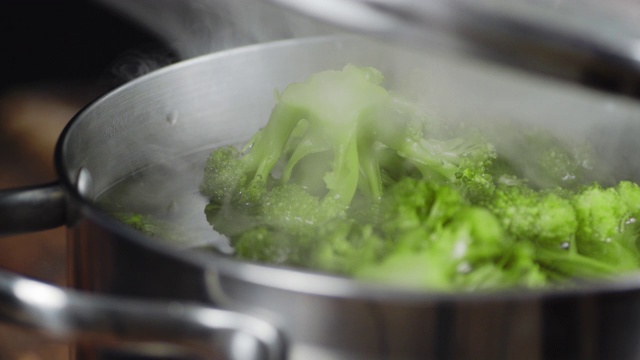 打开一锅准备好的花椰菜。T视频素材画面4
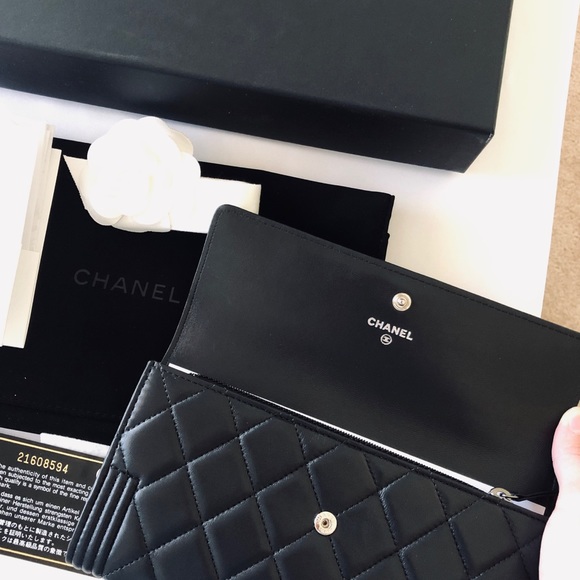 !!!SOLD!!! Large Chanel Boy wallet - Picture 2 of 6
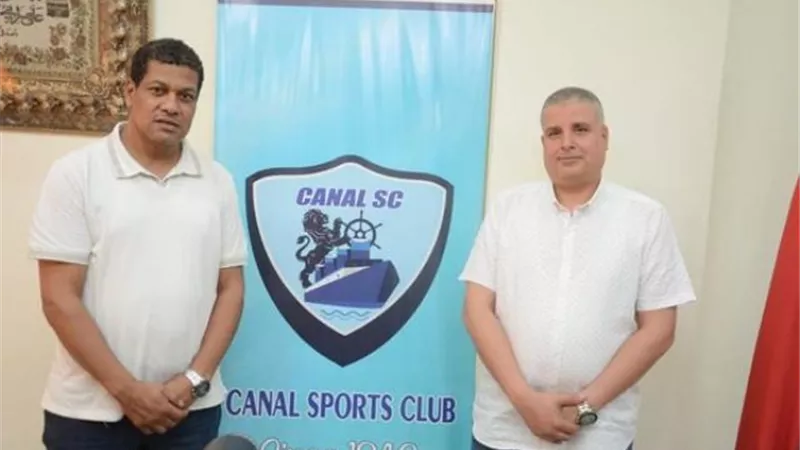 علاء عبد العال يقود القناة في الموسم الجديد ويجتمع باللاعبين ..صور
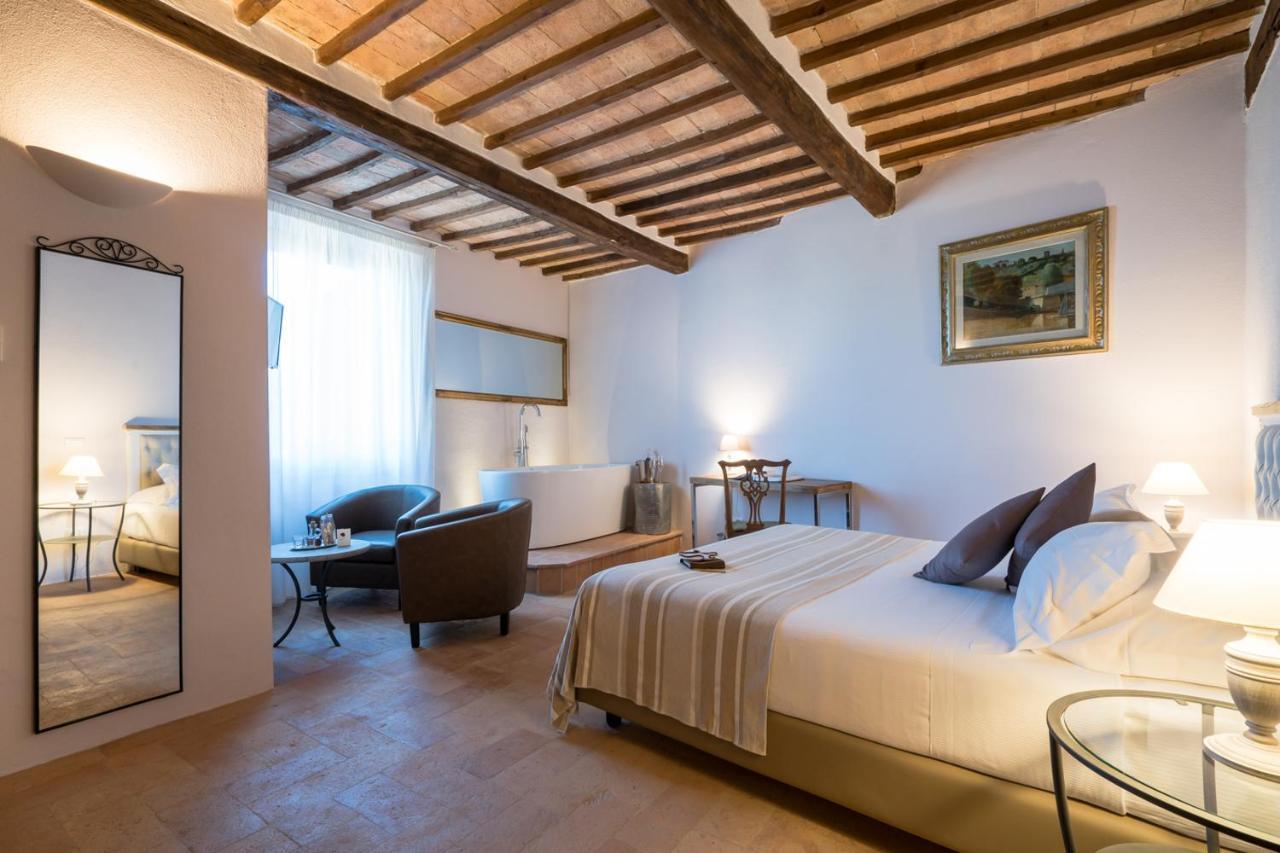 Dimora Delle Muse Bed & Breakfast Монталчино Екстериор снимка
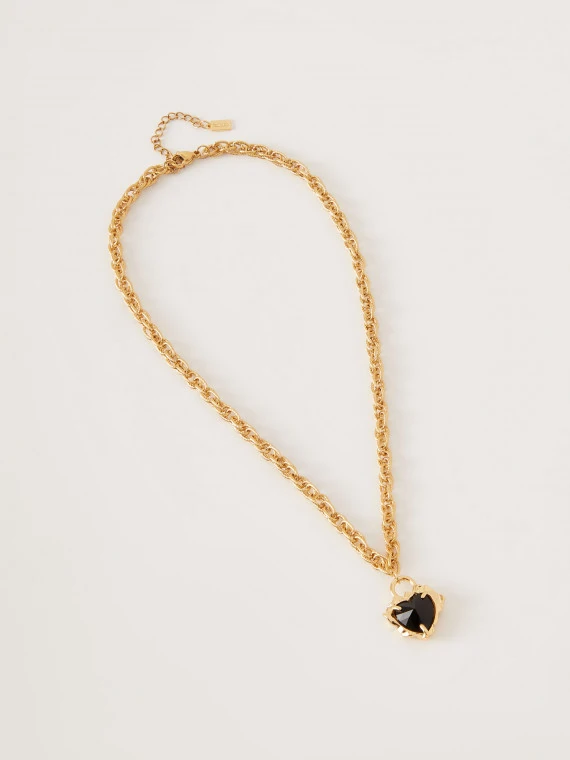 Elegant necklace with heart-shaped pendant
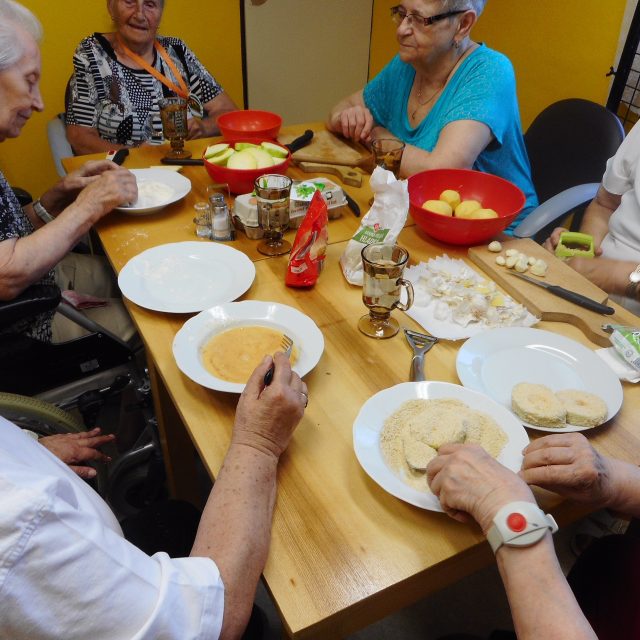 Klienti jednoho z domovů pro seniory v Mostě spolu čas od času vaří,  prospívá to procvičování poznávacích funkcí,  společně si i zavzpomínají | foto: Petra Hreňuková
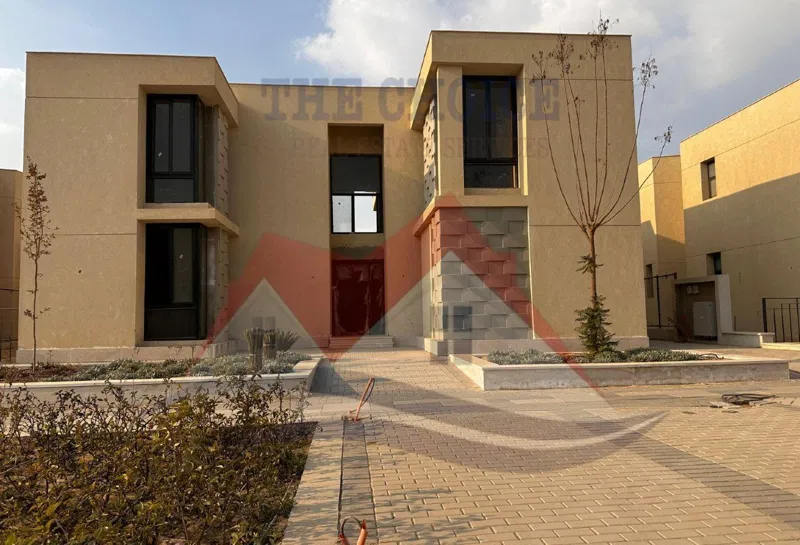فيلا 7 غرف 275 م² للبيع في Badya Palm Hills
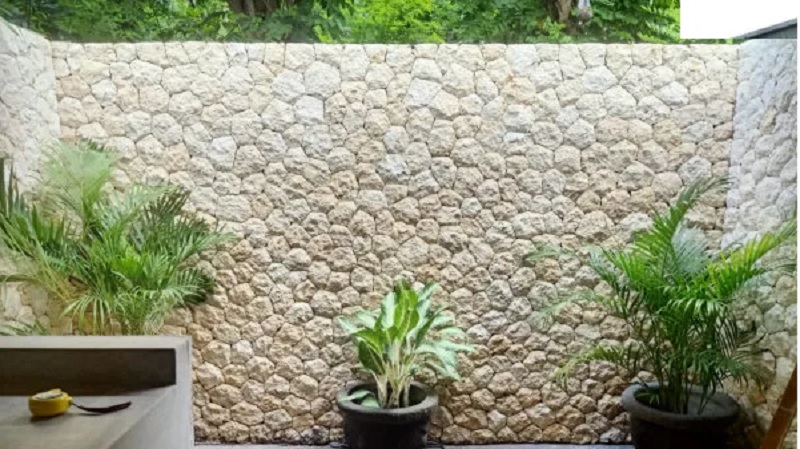 Tampilan Eksterior Lebih Estetik dengan Pagar Rumah Batu Alam
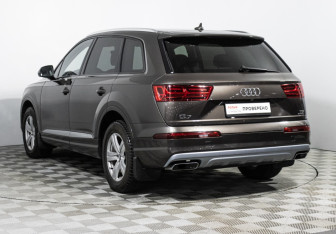 Подержанный автомобиль Audi Q7 2015 года (7 фото)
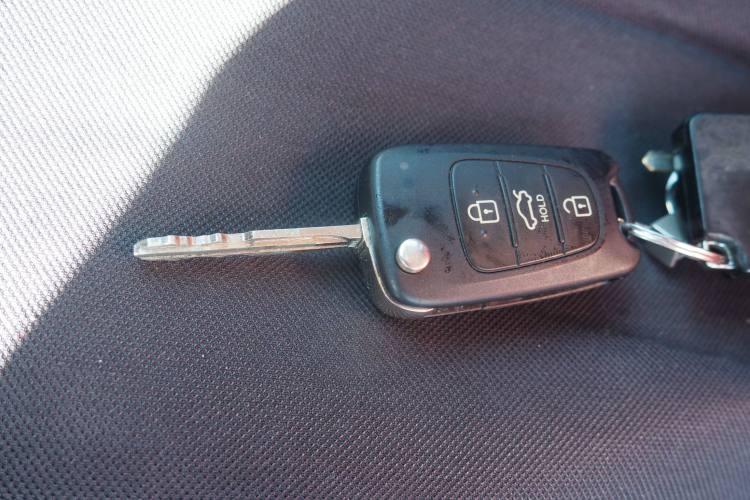 Used Kia K2 2012 Sedan 1.4L MT GL Commemorative Edition
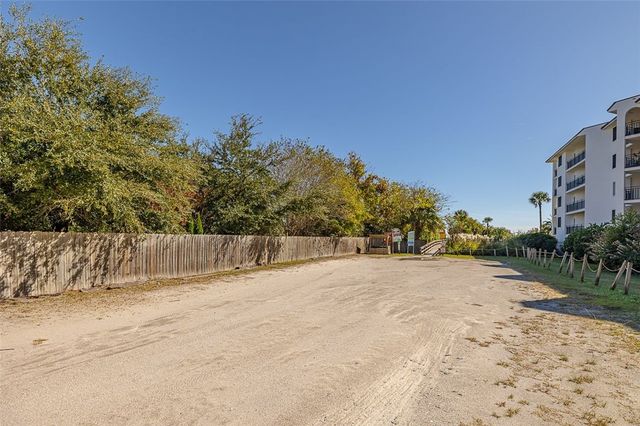 1495 Wood Ave, St Simons Island, GA 31522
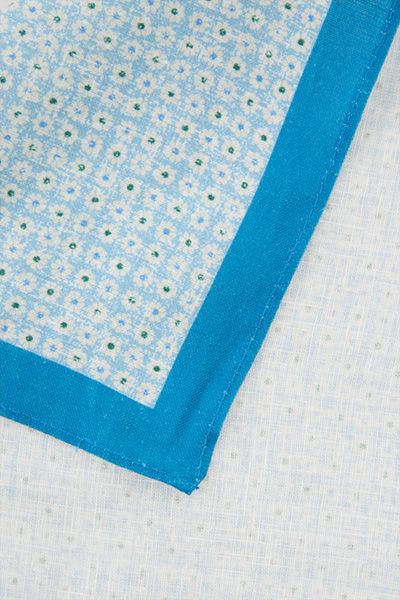 Einstecktuch mit floralem Allover-Print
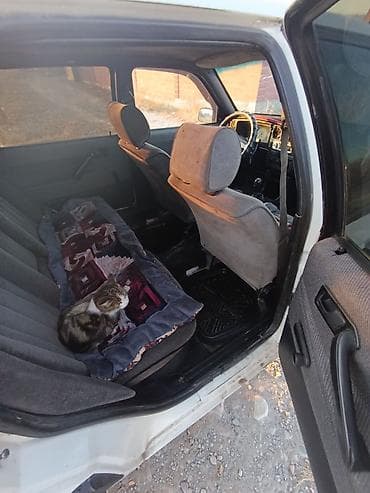 sonata nf: Volkswagen Passat: 1989 г., 1.8 л, Механика, Бензин, Седан — 5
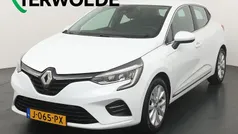 Wit Gebruikt 2020 Renault Clio V Intens Hatchback | € 16.840 (Eerlijke prijs)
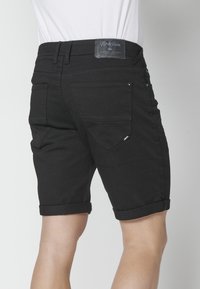 Koroshi BERMUDA STRETCH REGULAR COLORS BERMUDA STRET - Jeansshorts - black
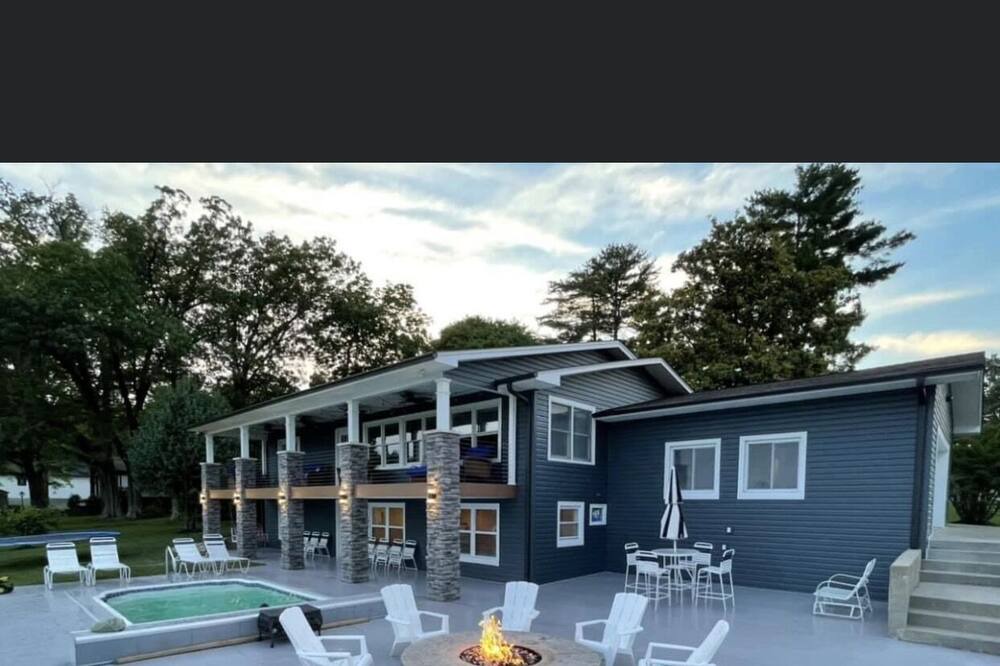 Photo of Outdoor in Gilbertsville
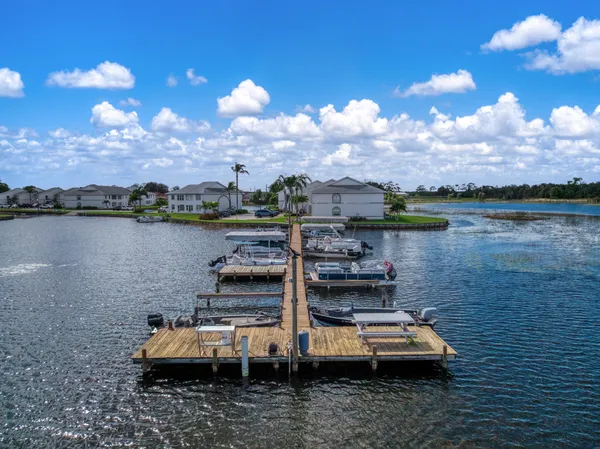 $179,900 | 703 Chelsee Way, Lake Placid, FL 33852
* * * * *
- **WORK TO COMPLETE**:
Quote everything in the listing above exactly; pictures are the only thing to omit.

- **TASK RESPONSE**:
 打开一锅准备好的花椰菜。T视频素材画面4
 !!!SOLD!!! Large Chanel Boy wallet - Picture 2 of 6
 علاء عبد العال يقود القناة في الموسم الجديد ويجتمع باللاعبين ..صور
 Dimora Delle Muse Bed & Breakfast Монталчино Екстериор снимка
 Elegant necklace with heart-shaped pendant
 Klienti jednoho z domovů pro seniory v Mostě spolu čas od času vaří,  prospívá to procvičování poznávacích funkcí,  společně si i zavzpomínají | foto: Petra Hreňuková
فيلا 7 غرف 275 م² للبيع في Badya Palm Hills
 Tampilan Eksterior Lebih Estetik dengan Pagar Rumah Batu Alam
 Подержанный автомобиль Audi Q7 2015 года (7 фото)
 Used Kia K2 2012 Sedan 1.4L MT GL Commemorative Edition
 1495 Wood Ave, St Simons Island, GA 31522
 Einstecktuch mit floralem Allover-Print
 sonata nf: Volkswagen Passat: 1989 г., 1.8 л, Механика, Бензин, Седан — 5
 Wit Gebruikt 2020 Renault Clio V Intens Hatchback | € 16.840 (Eerlijke prijs)
 Koroshi BERMUDA STRETCH REGULAR COLORS BERMUDA STRET - Jeansshorts - black
 Photo of Outdoor in Gilbertsville
 $179,900 | 703 Chelsee Way, Lake Placid, FL 33852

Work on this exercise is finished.